In the second of our ‘Introducing…’ series we meet Sue Simonds, our new Head of Wellness who explains why purposeful activities and social interaction are so important for promoting wellbeing among our residents.
If it’s a good time, good health and a sense of purpose you’re after then Sue Simonds is the person you need to talk to. As our new Head of Wellness it’s Sue’s job to provide a stimulating, social and creative environment at Lynwood Village.
Sue Simonds, Head of Wellness at Lynwood Village
“We want to promote independence and wellbeing for all, using the first class – and they really will be amazing – facilities at Lynwood Village,” Sue explains. “We will create recreational interests and hobbies that maintain physical and mental self-worth by planning enjoyable events throughout the year.”
The kind of events Sue organises include bringing in entertainers and speakers, trips out to restaurants, the theatre and local places of interest, classes in cake decorating, computer lessons, competitive sports leagues such as bowling, book clubs, arts and crafts, casual get-togethers with tea and cake and many more.
“We will provide opportunities to go out, we’ll bring the outside in and create opportunities to learn new things. We’ll involve families and the local community to give residents a sense of purpose, somewhere they need to be. It’s too easy to sit in and not socialise and this can have a detrimental effect on your wellbeing. It’s my job to provide a broad range of opportunities so that there’s something for everyone.”
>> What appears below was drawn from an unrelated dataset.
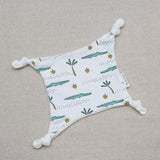 PACK NAISSANCE  CROCODILE - 1 COUVERTURE 75 X 75 CM ET 1 DOUDOU PLAT
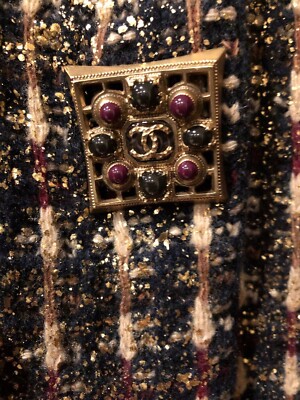 Chanel 11A NEW Paris-Byzance GOLD MULTICOLOR GRIPOIX Buttons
Sue’s career spans time in the travel industry followed by a move into care work to fit in with family commitments and she now has 20 years’ experience working in care. A natural flair for organising activities led to Sue’s appointment as Activities Manager for Glebelands, a care home run by the Cinema and Television Benevolent Fund in Wokingham.
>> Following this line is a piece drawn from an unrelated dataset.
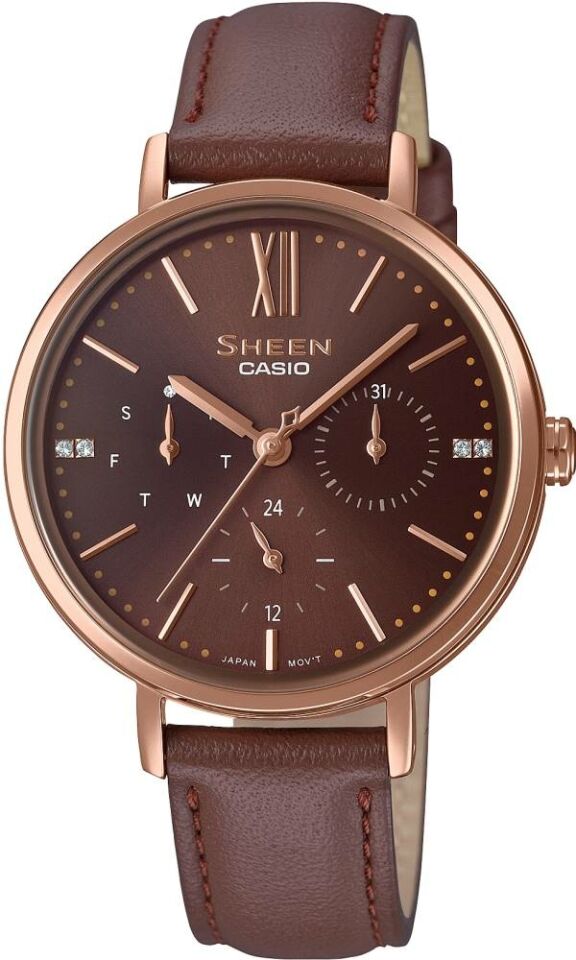 Casio She-3064Pgl-5Audf Sheen Kadın Kol Saati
“There’s never a day I don’t want to go to work,” said Sue. “I have the opportunity to improve peoples’ quality of life and the families of the residents I work with are so happy with what we do for them, it’s wonderful.
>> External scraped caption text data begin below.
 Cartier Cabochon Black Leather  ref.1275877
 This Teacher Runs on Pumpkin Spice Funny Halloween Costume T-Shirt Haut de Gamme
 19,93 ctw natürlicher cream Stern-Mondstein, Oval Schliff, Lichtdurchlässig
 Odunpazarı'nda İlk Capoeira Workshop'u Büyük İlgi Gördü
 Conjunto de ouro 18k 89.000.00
“Once there was a lady in my care who was blind. I encouraged her to spend time with the activities team and over time and with our help she joined in as everyone else did,” Sue explains. “She said that when she was with the activities team she felt that she could see. I was able to make a difference to that lady by promoting her independence, removing barriers and making her feel good about herself. That’s what we want to offer Lynwood Village residents.
“I think the idea of a village community is fantastic. People will be safe, there will be lots going on and there’s help at hand whenever they need it. This is how it should be in retirement!”